Most of the scanners can be divided in to two categories:
- Web application scanners, like Acunetix, WebInspect, NetSparker;
- Network and infrastructure scanners like Nessus, Metasploit (yes, it is not just an exploitation tool – the auxiliary modules can help you to perform the vulnerability scan as well), Qualys. These scanners can perform web application assessment as well, but their features are limited.
The process usually is very straightforward: define the scope of the vulnerability assessment, get the permission for the audit, run the scan, analyse the results, fix the issues. However, every step brings a lot of challenges that require particular skills and knowledge from the analyst to make this process effective. This article won’t cover the end-to-end vulnerability process, but will focus more on analysing the results, discovering issues, prioritising them and make proper recommendations to remediate them.
Get the right skills
First of all, let’s try to understand who should be involved in analysing results. The correct answer is: various teams and departments should be involved in this process.
- Security professional. Since the report contains technical security issues and describes the most common hacking techniques to exploit the issues, a skilled security professional should be involved. The security analyst should have appropriate skills, knowledge and experience to understand the issues, assess a business impact and provide appropriate recommendations to fix them. Ideally the analyst should have some sort of recognised security certification and background to help them in this process. Examples of technical certifications are GWAPT, GPEN, OSCP etc. In addition they should have excellent communication skills to explain the issues to other teams.
- Network or System administrator. If the report contains results for network or operating system vulnerability scan, the results should be discussed with the IT operational department to verify them and eliminate false positives. It is necessary to consult with the IT operations team as they have knowledge of the internal systems and can provide valuable feedback for the risk assessment process. However, it should be considered that administrators tend to lower those risks as they will be responsible for fixing the issues and most of the time they don’t want the auditors to discover any high risk items. Separation of duties should be enforced.
- Web developers. This team will be quite useful during web application analysis. Have a chat with them before starting the scan to understand an application’s functionality and technologies to make sure you don’t miss any critical requirements during the vulnerability scan. Sometimes companies use external vendors to create web apps, so make sure you receive all the relevant documentation and APIs (for web services) beforehand. After getting results, send them to the vendor for a validation and feedback.
- Senior management. It is absolutely critical to have senior management support and deliver the results to them, as they will be responsible for allocating a budget to fix the issues. Senior managers usually don’t have technical background, which is why vulnerabilities should be explained in non-technical terms and as simple as possible. The vulnerability scanners can produce an executive summary section with nice graphics, numbers and tables, but it is usually more effective just to have a 5 minute face-to-face chat and explain them what the risks are. Use such terms as “compliance”, “risks”, “brand damage”, “privacy concerns”, “penalties” etc.

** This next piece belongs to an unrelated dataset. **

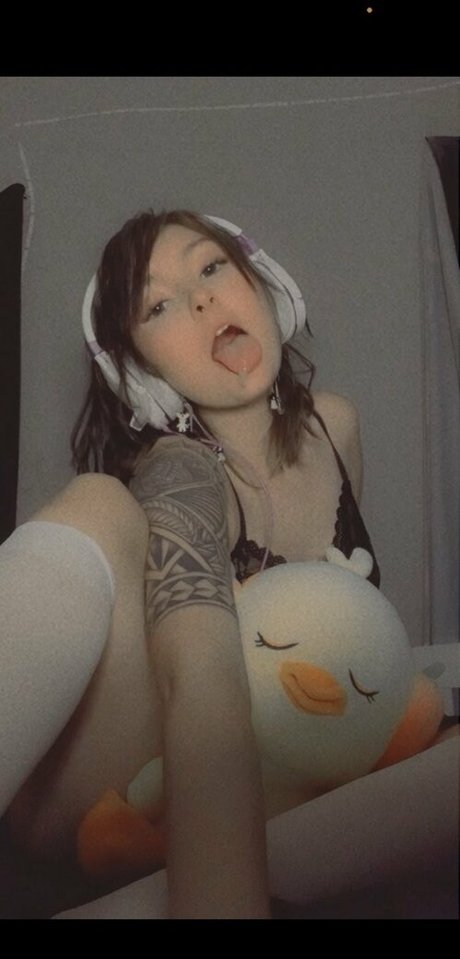 emiliarenblue スターセックス 写真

- Legal and regulatory. If a scope includes any systems which hold customer or employees personal data, have your legal or regulatory department review the issues. The privacy laws are very strict in countries like UK, Australia, US, EU etc. and any breach of personal data can cause severe penalties for an organisation. In addition, if the scope includes systems that process credit card information, that organisation should be PCI DSS compliant.
First look at the report
You have just received a report from the vulnerability scanning solution. What are the first things you need to look at?
- Scope. Make sure all the necessary URLs and IP addresses were covered in the report. A few things can go wrong. For example, when performing a web application scan the crawler doesn’t always discover all of the content on the web site. Admin pages, subdirectories, subsites might not be discovered because there is no direct link from the main site. If this happens make sure you manually add required URLs and rescan again. For network assessment, double check IP addresses. Sometime firewalls block whole subnets so that scanners can’t communicate with targeted computers. Host based firewalls can also block traffic.

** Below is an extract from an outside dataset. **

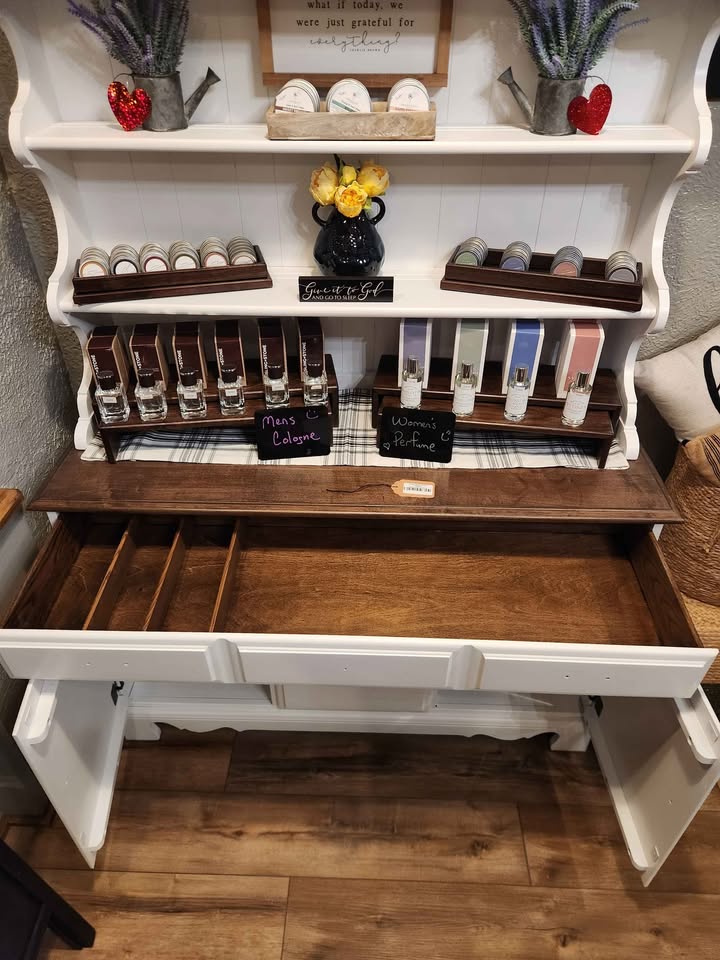 The Willow Hutch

- Scanning errors. When analysing the report, you might see that ports were open during the initial scan, but after a few minutes they’ve been closed. This might indicate that a IPS or WAF firewall is in place and blocks the analyst’s IP address. Vulnerability scanners usually produce an error saying they can’t connect to the target anymore and require input from an analyst.
- Plugins / signature version. It is always recommended to use the latest plugins during the scanning. If plugins are more than one or two weeks old, critical vulnerabilities might be missed. New vulnerabilities are discovered every day and vendors do a great job to update the signatures within reasonable timeframes.
- Date and time. If analysing a report performed by a third party company or even by developers/network admin/test team, the date of the report is critical When scanning preproduction environments, the version should be close to the final production version to make sure there were no modifications to the code or environment after the scan. If the report is old, you might want to retest findings or cover new functionality that was developed after the scan.
Common high risk issues
Suppose you are analysing the network or infrastructure vulnerability scanning report. What issues should be looked at with high priority?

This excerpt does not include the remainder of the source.